→ Try it
Each line from the one with "26FW 포에베 부츠 EV03TESTADIMORO BROWN - POEVE" through the last line below must be written out exactly. Do not copy pictures.

→ Stored data
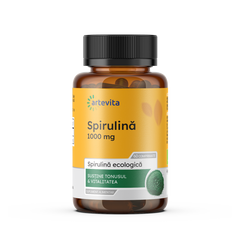 Spirulină ecologică — Susține tonusul & vitalitatea
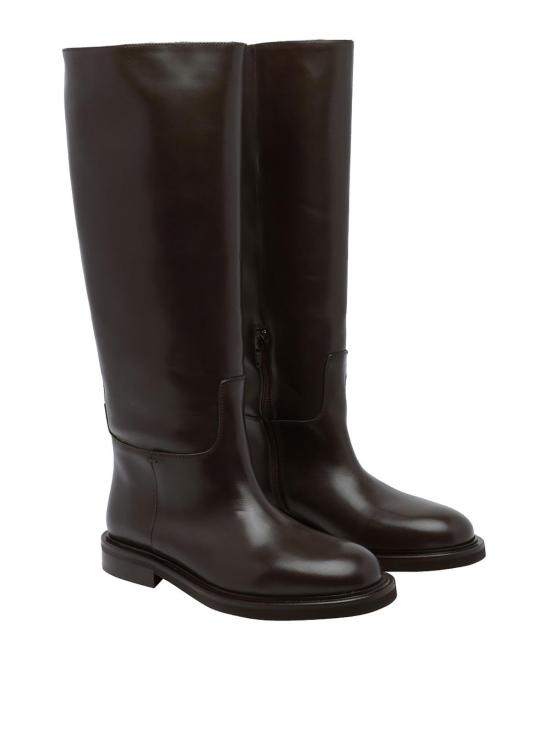 26FW 포에베 부츠 EV03TESTADIMORO BROWN - POEVE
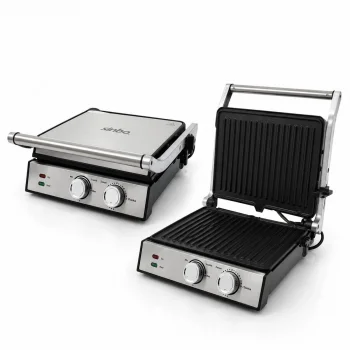 IZGARA VE TOST MAKİNESİ 4 DİLİM YAPIŞMAZ YÜZEY 2000W SSM-2598 (5047)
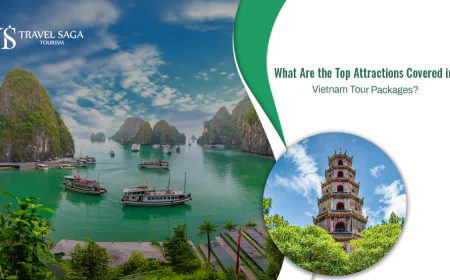 What Are the Top Attractions Covered in Vietnam Tour Packages?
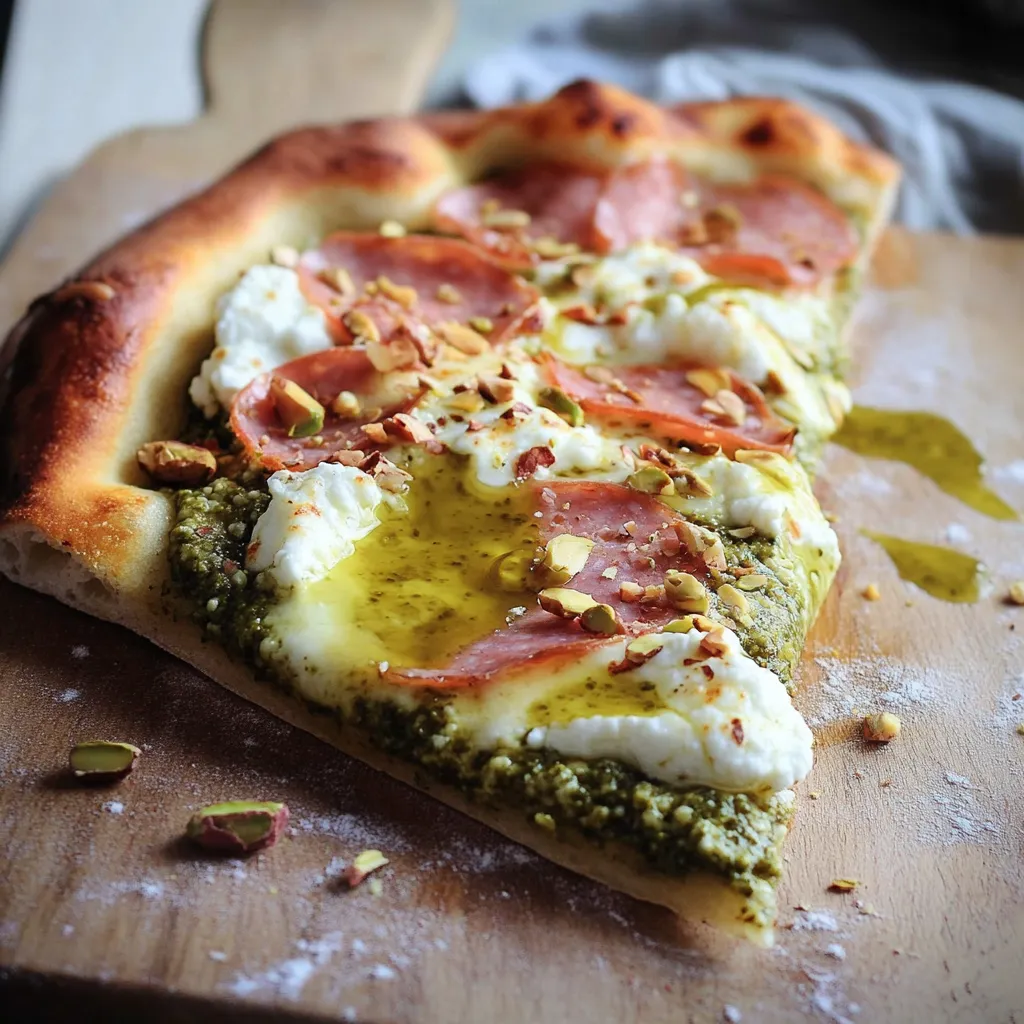 A slice of pizza with white cheese and tomatoes.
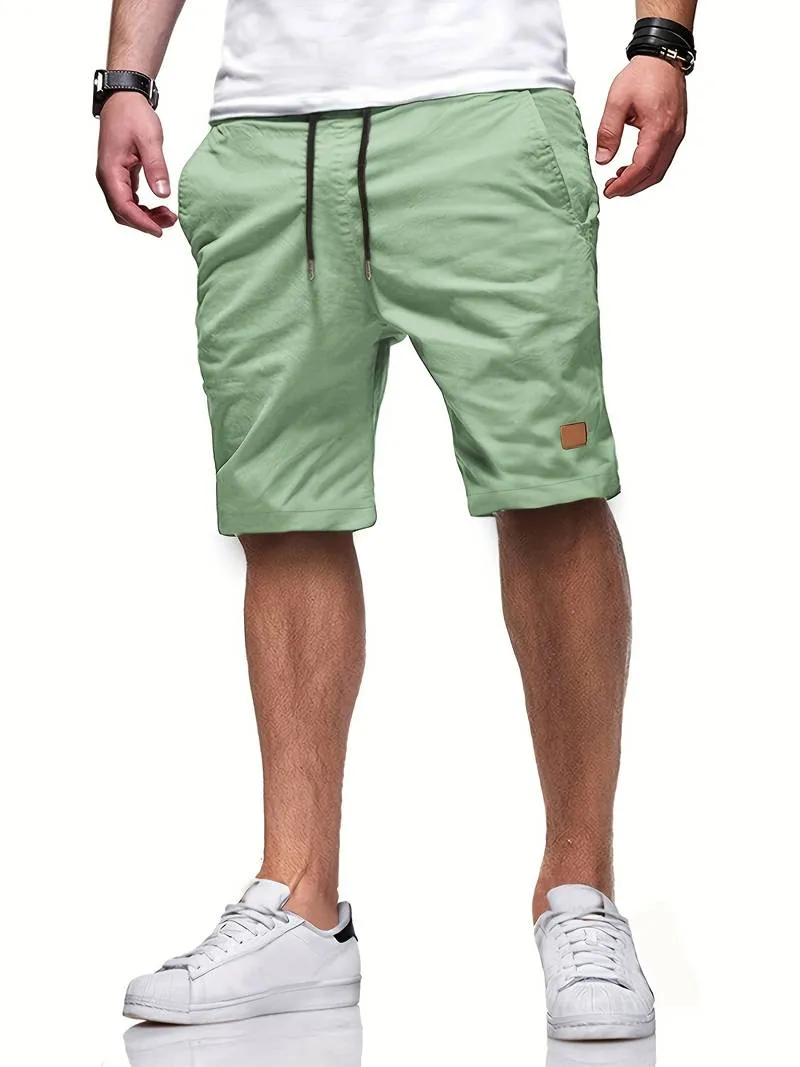 Men's Michael drawstring cutoff shorts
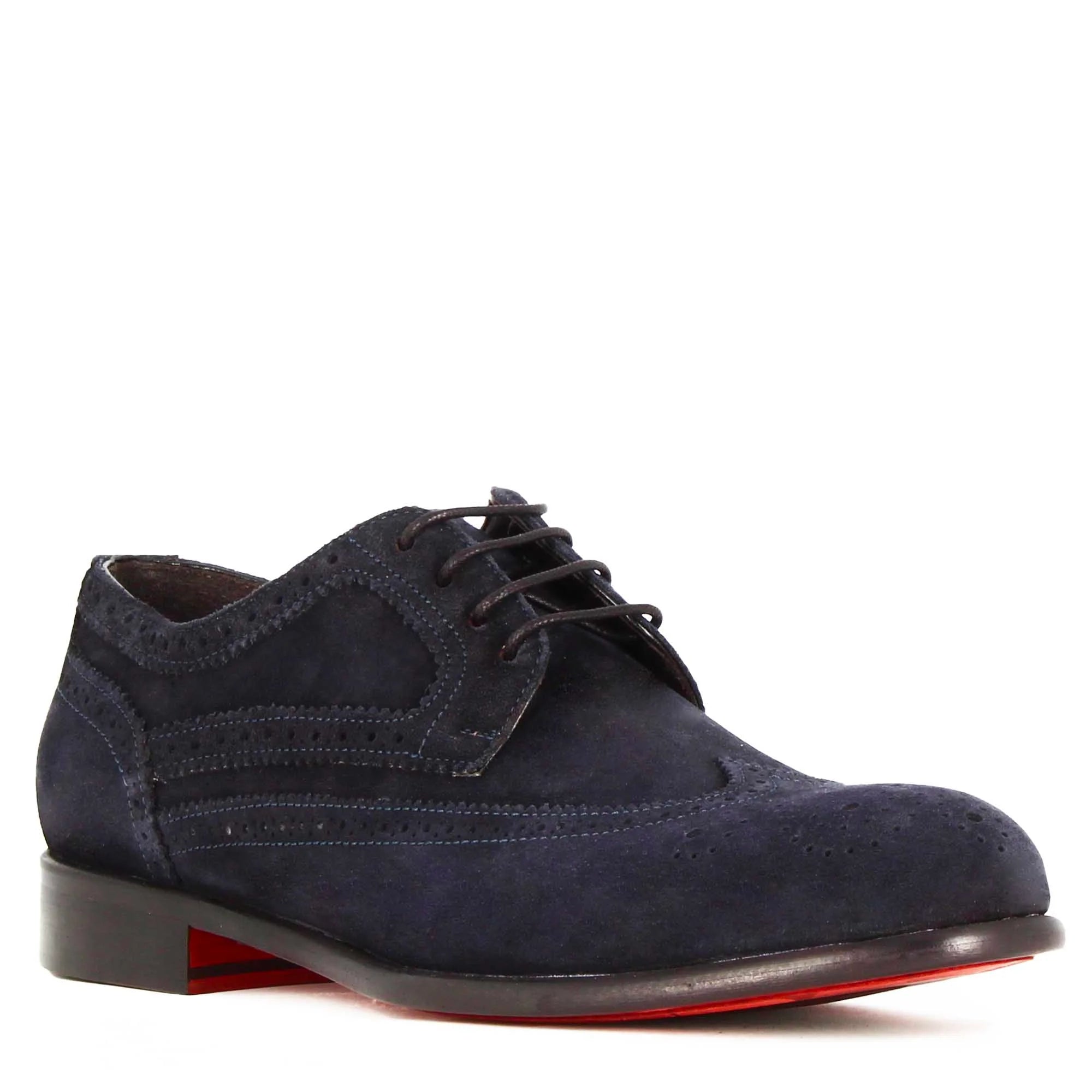 Ted baker blue suede shoes top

→ Output for this task
 26FW 포에베 부츠 EV03TESTADIMORO BROWN - POEVE
 IZGARA VE TOST MAKİNESİ 4 DİLİM YAPIŞMAZ YÜZEY 2000W SSM-2598 (5047)
 What Are the Top Attractions Covered in Vietnam Tour Packages?
 A slice of pizza with white cheese and tomatoes.
 Men's Michael drawstring cutoff shorts
 Ted baker blue suede shoes top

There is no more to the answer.